JohannPopper Web browsers are far from standard or reliable as a platform. They integrate poorly with the OS they run on and run some of the worst client code I have ever seen. You can't even guarantee compatibility between versions of a browser, let alone different browsers entirely. And I should know, I've done web development for a living.
And this whole notion that everything is moving server-side is stupid. Well designed web services push as much as they can onto the client without hurting the user experience. Why? Service providers don't pay for the compute performed by the client, they pay for what the servers do. You want the servers doing as little as possible to provide the service: that's how you make money. This is especially when the service you provide is ad-supported. In fact, the whole of WebRTC is designed to take the server out of the equation. The servers are basically only there to hold on to text messages and event logs for the future, which is really cheap to do. Video and audio? Expensive as hell. WebRTC is designed to connect clients as directly together as possible. It's the ultimate example of pushing compute onto the client.
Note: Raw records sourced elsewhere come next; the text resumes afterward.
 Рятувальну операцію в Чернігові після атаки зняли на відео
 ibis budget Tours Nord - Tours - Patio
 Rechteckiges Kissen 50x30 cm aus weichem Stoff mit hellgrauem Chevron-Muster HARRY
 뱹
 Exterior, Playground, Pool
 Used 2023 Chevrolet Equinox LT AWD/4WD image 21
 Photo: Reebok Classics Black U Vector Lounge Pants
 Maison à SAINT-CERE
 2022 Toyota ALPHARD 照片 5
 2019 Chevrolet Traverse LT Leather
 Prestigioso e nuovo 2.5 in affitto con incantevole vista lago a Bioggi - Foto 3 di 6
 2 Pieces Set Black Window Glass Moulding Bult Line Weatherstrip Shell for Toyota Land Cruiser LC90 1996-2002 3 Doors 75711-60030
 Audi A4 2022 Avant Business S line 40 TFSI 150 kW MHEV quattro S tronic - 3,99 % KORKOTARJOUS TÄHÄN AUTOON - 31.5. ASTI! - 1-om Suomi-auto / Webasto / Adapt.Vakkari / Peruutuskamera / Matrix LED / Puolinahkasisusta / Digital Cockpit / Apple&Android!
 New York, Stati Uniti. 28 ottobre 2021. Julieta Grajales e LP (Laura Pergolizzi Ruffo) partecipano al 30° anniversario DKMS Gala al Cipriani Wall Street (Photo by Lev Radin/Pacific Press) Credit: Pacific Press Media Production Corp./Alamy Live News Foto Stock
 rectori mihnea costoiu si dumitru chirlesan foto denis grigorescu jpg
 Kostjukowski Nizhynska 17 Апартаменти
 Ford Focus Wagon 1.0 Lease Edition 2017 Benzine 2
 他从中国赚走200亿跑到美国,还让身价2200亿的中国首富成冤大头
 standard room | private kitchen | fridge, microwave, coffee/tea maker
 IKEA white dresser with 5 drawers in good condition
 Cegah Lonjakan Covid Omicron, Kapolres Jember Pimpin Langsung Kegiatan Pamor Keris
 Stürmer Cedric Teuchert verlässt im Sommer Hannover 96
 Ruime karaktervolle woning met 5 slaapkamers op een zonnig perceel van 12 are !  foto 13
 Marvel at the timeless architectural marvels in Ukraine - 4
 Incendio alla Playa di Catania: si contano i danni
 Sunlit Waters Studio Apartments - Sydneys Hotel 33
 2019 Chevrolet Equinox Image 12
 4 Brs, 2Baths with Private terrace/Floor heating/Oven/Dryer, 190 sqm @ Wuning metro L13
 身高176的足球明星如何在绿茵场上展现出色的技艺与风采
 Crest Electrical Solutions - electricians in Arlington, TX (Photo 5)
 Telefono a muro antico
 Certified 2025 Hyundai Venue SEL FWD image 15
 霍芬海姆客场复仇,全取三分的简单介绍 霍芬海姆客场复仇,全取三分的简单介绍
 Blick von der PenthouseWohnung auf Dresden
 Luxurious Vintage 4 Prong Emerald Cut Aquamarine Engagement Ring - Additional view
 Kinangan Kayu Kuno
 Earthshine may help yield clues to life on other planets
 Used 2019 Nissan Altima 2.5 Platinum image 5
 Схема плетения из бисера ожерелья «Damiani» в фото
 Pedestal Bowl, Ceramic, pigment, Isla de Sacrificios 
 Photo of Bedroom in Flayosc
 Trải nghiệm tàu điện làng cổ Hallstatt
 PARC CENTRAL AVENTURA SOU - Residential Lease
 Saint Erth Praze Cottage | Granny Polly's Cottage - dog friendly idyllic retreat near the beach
As for the whole client-server dynamic, it's a trend in the industry that cycles back and forth. We started with academic and business mainframes then pushed compute out to microcomputers so that terminals wouldn't eat up valuable mainframe time. Those computers became household appliances and then we pushed back to the data centers for the original Internet. Personal computers became portable and smart phones were invented, pushing compute back out to the clients again. Then virtualization was invented and everything got pushed out to the public cloud because not everyone can afford to own a datacenter or pay for COLO hosting. Now the amount of data produced is so huge that we had to invent the field of edge computing to preprocess everything and compress the information we care about before it finds its way back to the datacenter. A datacenter now needing insane amount of computer power to handle all of this data for anything meaningful. Leading to ML software which trains neural networks which we then push out to client devices so that they can execute them instead of the server. And this trend will go on and on and on....
You may have drunk some of that Kool-Aid, but I live in the real world where companies invent new technologies so that the services they already provide continue to make them money. In that world Client-Server is a pendulum and you just hope you guessed correctly which direction its currently heading.